● **THE TASK**
Below are the records; output them exactly from the first line through the line with "Spigen Liquid Crystal", stopping there.

● **EXCERPTED RECORDS**
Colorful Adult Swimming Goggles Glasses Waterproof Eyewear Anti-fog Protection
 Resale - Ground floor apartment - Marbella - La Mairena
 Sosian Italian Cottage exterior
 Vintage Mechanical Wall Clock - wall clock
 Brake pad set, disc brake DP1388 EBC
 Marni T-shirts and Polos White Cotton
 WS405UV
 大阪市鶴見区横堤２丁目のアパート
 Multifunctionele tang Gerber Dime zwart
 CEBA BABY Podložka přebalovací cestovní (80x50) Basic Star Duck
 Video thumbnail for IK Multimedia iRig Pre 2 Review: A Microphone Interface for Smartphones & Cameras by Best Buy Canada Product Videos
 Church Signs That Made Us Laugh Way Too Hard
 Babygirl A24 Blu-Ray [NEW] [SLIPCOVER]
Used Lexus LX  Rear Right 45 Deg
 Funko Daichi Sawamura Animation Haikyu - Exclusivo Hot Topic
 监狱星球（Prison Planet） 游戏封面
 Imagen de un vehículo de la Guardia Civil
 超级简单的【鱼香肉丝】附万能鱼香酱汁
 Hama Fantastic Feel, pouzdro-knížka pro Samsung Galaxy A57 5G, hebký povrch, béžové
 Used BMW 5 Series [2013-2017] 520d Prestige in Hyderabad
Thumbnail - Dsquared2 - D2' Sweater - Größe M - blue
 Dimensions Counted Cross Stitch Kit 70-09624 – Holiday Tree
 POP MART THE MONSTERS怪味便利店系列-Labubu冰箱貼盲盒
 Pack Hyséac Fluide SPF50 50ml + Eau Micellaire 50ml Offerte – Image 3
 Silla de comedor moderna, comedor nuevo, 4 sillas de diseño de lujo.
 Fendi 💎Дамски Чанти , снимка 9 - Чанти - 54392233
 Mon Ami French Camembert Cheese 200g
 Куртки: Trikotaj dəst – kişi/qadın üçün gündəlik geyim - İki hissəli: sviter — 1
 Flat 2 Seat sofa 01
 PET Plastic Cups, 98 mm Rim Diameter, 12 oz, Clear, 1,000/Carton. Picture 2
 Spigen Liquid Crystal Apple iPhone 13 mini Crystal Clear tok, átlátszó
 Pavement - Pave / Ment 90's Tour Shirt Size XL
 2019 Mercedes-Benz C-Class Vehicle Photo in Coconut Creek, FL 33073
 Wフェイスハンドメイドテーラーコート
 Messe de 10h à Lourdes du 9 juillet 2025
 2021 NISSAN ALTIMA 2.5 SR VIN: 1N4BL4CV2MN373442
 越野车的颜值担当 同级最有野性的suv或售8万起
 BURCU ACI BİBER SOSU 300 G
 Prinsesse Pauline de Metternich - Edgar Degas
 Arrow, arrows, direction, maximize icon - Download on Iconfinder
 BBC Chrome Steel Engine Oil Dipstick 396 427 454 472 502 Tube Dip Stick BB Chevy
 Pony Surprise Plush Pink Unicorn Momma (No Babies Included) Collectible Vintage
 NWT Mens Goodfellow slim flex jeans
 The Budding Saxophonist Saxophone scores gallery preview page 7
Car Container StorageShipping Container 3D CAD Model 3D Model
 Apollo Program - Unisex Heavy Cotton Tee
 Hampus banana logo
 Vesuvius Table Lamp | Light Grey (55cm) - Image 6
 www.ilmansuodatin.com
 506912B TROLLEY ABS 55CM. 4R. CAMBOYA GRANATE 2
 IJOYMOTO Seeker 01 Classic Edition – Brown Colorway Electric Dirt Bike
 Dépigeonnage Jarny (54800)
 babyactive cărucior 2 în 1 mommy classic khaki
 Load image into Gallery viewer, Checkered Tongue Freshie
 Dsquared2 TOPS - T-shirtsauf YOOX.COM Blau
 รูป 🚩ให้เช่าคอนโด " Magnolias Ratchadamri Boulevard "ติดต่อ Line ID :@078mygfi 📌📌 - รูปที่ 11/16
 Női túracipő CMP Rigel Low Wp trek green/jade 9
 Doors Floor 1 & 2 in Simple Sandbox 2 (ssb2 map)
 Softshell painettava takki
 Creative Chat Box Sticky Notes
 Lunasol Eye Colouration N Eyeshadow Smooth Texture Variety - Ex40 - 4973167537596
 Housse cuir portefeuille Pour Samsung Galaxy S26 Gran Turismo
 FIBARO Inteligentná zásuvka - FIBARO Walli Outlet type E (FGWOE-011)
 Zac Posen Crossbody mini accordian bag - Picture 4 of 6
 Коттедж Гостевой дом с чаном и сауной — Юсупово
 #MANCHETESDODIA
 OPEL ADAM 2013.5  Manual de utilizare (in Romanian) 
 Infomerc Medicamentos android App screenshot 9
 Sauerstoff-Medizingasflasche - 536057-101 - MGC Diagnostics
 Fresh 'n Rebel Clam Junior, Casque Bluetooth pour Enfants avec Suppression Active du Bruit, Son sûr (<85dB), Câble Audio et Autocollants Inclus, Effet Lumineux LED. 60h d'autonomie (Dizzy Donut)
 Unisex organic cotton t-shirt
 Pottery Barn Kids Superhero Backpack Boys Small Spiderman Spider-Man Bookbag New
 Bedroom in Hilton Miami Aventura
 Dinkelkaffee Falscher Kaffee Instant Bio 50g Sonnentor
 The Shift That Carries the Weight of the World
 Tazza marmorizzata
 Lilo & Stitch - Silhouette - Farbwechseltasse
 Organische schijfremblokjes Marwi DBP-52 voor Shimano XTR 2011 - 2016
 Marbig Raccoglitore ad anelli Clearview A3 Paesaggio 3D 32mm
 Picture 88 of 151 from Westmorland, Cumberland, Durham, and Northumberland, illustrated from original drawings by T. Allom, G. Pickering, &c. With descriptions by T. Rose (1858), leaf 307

● **TASK OUTPUT**
Colorful Adult Swimming Goggles Glasses Waterproof Eyewear Anti-fog Protection
 Resale - Ground floor apartment - Marbella - La Mairena
 Sosian Italian Cottage exterior
 Vintage Mechanical Wall Clock - wall clock
 Brake pad set, disc brake DP1388 EBC
 Marni T-shirts and Polos White Cotton
 WS405UV
 大阪市鶴見区横堤２丁目のアパート
 Multifunctionele tang Gerber Dime zwart
 CEBA BABY Podložka přebalovací cestovní (80x50) Basic Star Duck
 Video thumbnail for IK Multimedia iRig Pre 2 Review: A Microphone Interface for Smartphones & Cameras by Best Buy Canada Product Videos
 Church Signs That Made Us Laugh Way Too Hard
 Babygirl A24 Blu-Ray [NEW] [SLIPCOVER]
Used Lexus LX  Rear Right 45 Deg
 Funko Daichi Sawamura Animation Haikyu - Exclusivo Hot Topic
 监狱星球（Prison Planet） 游戏封面
 Imagen de un vehículo de la Guardia Civil
 超级简单的【鱼香肉丝】附万能鱼香酱汁
 Hama Fantastic Feel, pouzdro-knížka pro Samsung Galaxy A57 5G, hebký povrch, béžové
 Used BMW 5 Series [2013-2017] 520d Prestige in Hyderabad
Thumbnail - Dsquared2 - D2' Sweater - Größe M - blue
 Dimensions Counted Cross Stitch Kit 70-09624 – Holiday Tree
 POP MART THE MONSTERS怪味便利店系列-Labubu冰箱貼盲盒
 Pack Hyséac Fluide SPF50 50ml + Eau Micellaire 50ml Offerte – Image 3
 Silla de comedor moderna, comedor nuevo, 4 sillas de diseño de lujo.
 Fendi 💎Дамски Чанти , снимка 9 - Чанти - 54392233
 Mon Ami French Camembert Cheese 200g
 Куртки: Trikotaj dəst – kişi/qadın üçün gündəlik geyim - İki hissəli: sviter — 1
 Flat 2 Seat sofa 01
 PET Plastic Cups, 98 mm Rim Diameter, 12 oz, Clear, 1,000/Carton. Picture 2
 Spigen Liquid Crystal Apple iPhone 13 mini Crystal Clear tok, átlátszó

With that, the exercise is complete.